One evening I brought along a photographer to take photos for a magazine article of the up-and-coming local lady pianist Mei Mei Shum performing. As soon as we walked into the bar on the banks of warm and breezy Singapore River, the lensman, who happened to be a Nikkei American, said out loud, “Wow, I’ve never seen so many black and white people together in one place.” Even in modern Singapore . . . it struck me right then. This must be something like the spirit in the jazz dives in New Orleans’ French quarter way back then: “where all the light and dark folk meet.”
Even after we moved to Vancouver in 1997, I would drop by Harry’s the three times we went back to Singapore for short visits. I would meet old friends and jam, feeling I was, musically-speaking, “home” once again. Unfortunately, Harry’s closed for good about two years ago.
For 14 long years after we moved to Vancouver, I looked for a live jazz spot holding jams, or “open mike” sessions where I could enjoy both the music and the company and feel “at home” like I did at Harry’s. I did find live jazz spots here and there, some of them quite enjoyable, but sometimes a bit too classy and none quite as cozy and home-like as Harry’s. I did get to know lots of nice musicians young and old, played in fun jams here and there, but nothing quite as deeply satisfying and instructive.
One night I was chatting with a black pianist visiting from Chicago, whom I met in an open mike session at a pub. “I was at this place called C… last night and it was really great,” he told me. I’d vaguely heard of the place but had never checked it out. So I went there the following Monday, the weekly jazz jam night. As soon as I got to play one number and got off the small bandstand, the Hong Kong Chinese owner behind the bar called out: “Brother, what do you want to drink?” I knew right then I was “home.” I’ve been going there just about every Monday now for over a year. I’d finally found my Harry’s equivalent in Vancouver . . .

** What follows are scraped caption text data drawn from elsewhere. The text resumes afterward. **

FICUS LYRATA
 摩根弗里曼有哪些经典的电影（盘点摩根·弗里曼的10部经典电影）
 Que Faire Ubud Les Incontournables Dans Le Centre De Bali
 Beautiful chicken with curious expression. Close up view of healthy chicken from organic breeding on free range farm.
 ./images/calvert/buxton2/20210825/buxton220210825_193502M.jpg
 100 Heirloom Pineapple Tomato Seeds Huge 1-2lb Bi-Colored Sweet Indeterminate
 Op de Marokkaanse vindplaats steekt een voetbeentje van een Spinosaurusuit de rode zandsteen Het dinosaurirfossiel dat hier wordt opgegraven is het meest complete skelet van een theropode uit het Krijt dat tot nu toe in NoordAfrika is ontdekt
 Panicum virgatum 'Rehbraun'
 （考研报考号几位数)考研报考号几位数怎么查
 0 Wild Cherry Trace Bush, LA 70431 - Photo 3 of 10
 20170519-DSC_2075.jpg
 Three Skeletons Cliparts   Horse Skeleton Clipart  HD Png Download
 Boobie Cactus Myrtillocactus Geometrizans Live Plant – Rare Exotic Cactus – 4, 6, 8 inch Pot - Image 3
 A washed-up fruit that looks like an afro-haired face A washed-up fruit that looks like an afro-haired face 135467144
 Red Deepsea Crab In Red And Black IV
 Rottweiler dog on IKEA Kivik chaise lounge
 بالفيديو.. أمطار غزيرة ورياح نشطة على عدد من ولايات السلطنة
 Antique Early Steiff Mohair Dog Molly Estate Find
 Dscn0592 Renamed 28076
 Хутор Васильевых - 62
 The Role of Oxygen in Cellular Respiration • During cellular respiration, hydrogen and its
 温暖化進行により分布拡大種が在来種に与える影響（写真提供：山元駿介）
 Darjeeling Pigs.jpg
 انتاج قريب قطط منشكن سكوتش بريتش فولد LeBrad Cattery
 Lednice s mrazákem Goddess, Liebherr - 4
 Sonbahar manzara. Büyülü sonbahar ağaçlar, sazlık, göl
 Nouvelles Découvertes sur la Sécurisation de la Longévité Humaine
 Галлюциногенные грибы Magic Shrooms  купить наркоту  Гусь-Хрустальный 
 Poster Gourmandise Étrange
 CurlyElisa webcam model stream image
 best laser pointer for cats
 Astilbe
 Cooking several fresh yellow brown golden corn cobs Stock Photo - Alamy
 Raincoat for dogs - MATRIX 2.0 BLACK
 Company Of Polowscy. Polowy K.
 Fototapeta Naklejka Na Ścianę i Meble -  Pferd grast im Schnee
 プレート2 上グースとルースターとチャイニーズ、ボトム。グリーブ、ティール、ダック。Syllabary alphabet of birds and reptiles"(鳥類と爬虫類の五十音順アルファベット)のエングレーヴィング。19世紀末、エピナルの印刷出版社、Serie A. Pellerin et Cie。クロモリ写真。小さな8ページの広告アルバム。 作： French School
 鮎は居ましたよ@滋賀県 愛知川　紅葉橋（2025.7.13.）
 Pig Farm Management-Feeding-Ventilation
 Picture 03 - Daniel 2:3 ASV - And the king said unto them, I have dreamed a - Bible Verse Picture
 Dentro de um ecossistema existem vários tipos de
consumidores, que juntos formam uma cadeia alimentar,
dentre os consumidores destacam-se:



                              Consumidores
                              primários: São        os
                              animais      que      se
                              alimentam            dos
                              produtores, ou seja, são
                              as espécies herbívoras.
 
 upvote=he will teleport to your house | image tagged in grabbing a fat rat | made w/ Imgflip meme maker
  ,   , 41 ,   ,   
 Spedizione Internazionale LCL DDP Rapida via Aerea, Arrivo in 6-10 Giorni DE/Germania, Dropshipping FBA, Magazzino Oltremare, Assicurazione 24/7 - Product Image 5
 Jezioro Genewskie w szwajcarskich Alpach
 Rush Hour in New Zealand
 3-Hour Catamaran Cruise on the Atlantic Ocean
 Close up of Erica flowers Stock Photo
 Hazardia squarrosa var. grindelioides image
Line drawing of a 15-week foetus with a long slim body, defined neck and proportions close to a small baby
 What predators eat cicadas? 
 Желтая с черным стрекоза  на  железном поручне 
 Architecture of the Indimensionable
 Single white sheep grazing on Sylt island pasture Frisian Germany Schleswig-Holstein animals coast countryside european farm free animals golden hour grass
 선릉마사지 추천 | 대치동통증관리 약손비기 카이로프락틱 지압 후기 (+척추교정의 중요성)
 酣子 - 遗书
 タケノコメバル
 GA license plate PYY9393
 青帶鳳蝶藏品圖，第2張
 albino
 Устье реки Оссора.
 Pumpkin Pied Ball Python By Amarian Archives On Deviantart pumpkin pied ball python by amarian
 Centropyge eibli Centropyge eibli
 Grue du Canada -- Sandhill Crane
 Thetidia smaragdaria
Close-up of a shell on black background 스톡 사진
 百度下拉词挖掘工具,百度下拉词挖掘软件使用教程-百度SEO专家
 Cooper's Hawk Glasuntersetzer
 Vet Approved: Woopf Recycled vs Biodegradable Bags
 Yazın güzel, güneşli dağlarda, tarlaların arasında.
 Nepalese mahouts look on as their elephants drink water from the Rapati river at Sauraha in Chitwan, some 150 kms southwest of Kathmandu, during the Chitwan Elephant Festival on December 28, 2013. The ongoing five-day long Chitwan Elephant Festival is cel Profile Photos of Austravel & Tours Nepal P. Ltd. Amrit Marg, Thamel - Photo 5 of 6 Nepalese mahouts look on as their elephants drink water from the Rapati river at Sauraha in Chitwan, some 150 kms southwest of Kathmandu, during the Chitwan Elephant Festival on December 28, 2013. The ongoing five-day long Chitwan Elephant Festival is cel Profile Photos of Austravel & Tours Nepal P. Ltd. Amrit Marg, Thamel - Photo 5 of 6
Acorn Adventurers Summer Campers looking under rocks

The crowd of diners, merrymakers and musicians is the usual Vancouver mix of Anglo/Celtics, Quebeckers, Ukrainians, West Europeans, Haitians, Colombians, Japanese, Hongkong Chinese, Filipino and so on, as well as black and white Americans, though not as many as back at Harry’s. Our love for jazz is almost palpable and most important, like at Harry’s, the love and respect for the music on the part of the players young and old are strong enough for us to leave our egos at the door. Who is better than whom might be an objective reality, but it is best forgotten when one’s playing.
Recently, a personable and hard-working waitress there, an Edinburgh lass, left for an extended trip of Brazil, Argentina and other South American countries. Chances are she may not come back, at least not for a while. So the musicians took up a collection for her, and on her last Monday night, presented the money to her on the bandstand, complete with a send-off song. She was almost in tears. Just a bunch of guys and gals who love music and each other company…what I call IBM, for International Brotherhood (Sisters included) of Music.
Coincidentally, the name of one musician who’s helped me out in many ways in Vancouver is Mr Harry Aoki, a pioneer in ethnic music and jazz as many readers know. There are of course many other creative fields in which community members are active. The joy of doing truly fun things together with like-minded souls is indeed universal.